This should run without errors if all dependencies are installed properly.

In [1]:
import tensorflow as tf
import matplotlib.pyplot as plt
import numpy as np
from tensorflow.examples.tutorials.mnist import input_data

In [2]:
# Start a tensorflow session
session = tf.InteractiveSession()

# Set the random seed to enable reproducible code
np.random.seed(0)

# Get data and utilities

We now need to get the data we will use, which in this case is the famous [MNIST](http://yann.lecun.com/exdb/mnist/) dataset, a set of digits 70000 hand-written digits, of which 60000 are used for training and 10000 for testing.

In addition to this, we create a utility `evaluate(...)` that we will use to evaluate how good the classification is.

In [3]:
# Get MNIST data
mnist = input_data.read_data_sets('MNIST_data')

Extracting MNIST_data/train-images-idx3-ubyte.gz
Extracting MNIST_data/train-labels-idx1-ubyte.gz
Extracting MNIST_data/t10k-images-idx3-ubyte.gz
Extracting MNIST_data/t10k-labels-idx1-ubyte.gz


In [4]:
# Read the 10000 mnist test points
batch = mnist.test.next_batch(10000)
test_images = batch[0].reshape([-1, 28, 28, 1])
test_labels = batch[1]

def evaluate(result_tensor, data_placeholder):
    """Evaluate a reconstruction method.

    Parameters
    ----------
    result_tensor : `tf.Tensor`, shape (None,)
        The tensorflow tensor containing the result of the classification.
    data_placeholder : `tf.Tensor`, shape (None, 28, 28, 1)
        The tensorflow tensor containing the input to the classification operator.

    Returns
    -------
    MSE : float
        Mean squared error of the reconstruction.
    """
    result = result_tensor.eval(
        feed_dict={data_placeholder: test_images})

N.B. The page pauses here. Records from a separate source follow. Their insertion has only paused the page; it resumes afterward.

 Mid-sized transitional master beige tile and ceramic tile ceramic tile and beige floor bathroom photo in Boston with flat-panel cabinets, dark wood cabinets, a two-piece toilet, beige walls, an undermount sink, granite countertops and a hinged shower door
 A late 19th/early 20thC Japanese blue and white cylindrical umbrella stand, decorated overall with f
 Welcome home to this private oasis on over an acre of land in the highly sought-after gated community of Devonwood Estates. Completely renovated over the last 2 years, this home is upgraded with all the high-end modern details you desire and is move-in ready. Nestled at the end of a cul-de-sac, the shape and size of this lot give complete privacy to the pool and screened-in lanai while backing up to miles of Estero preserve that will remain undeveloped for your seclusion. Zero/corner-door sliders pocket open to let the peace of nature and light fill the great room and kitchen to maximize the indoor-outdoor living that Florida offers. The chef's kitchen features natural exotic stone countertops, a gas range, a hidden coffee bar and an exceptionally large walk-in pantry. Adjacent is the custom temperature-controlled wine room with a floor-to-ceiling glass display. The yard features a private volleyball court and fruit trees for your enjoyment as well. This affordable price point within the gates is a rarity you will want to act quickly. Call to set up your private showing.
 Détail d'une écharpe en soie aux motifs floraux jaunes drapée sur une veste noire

    return np.mean(result == test_labels)

In [5]:
# Create placeholders. Placeholders are needed in tensorflow since tensorflow is a lazy language,
# and hence we first define the computational graph with placeholders as input, and later we evaluate it.
with tf.name_scope('placeholders'):
    images = tf.placeholder(tf.float32, shape=[None, 28, 28, 1])
    true_labels = tf.placeholder(tf.int32, shape=[None])

# Logistic regression

We start with [logistic regression](https://en.wikipedia.org/wiki/Logistic_regression), perhaps the most well known and widely applied classification method.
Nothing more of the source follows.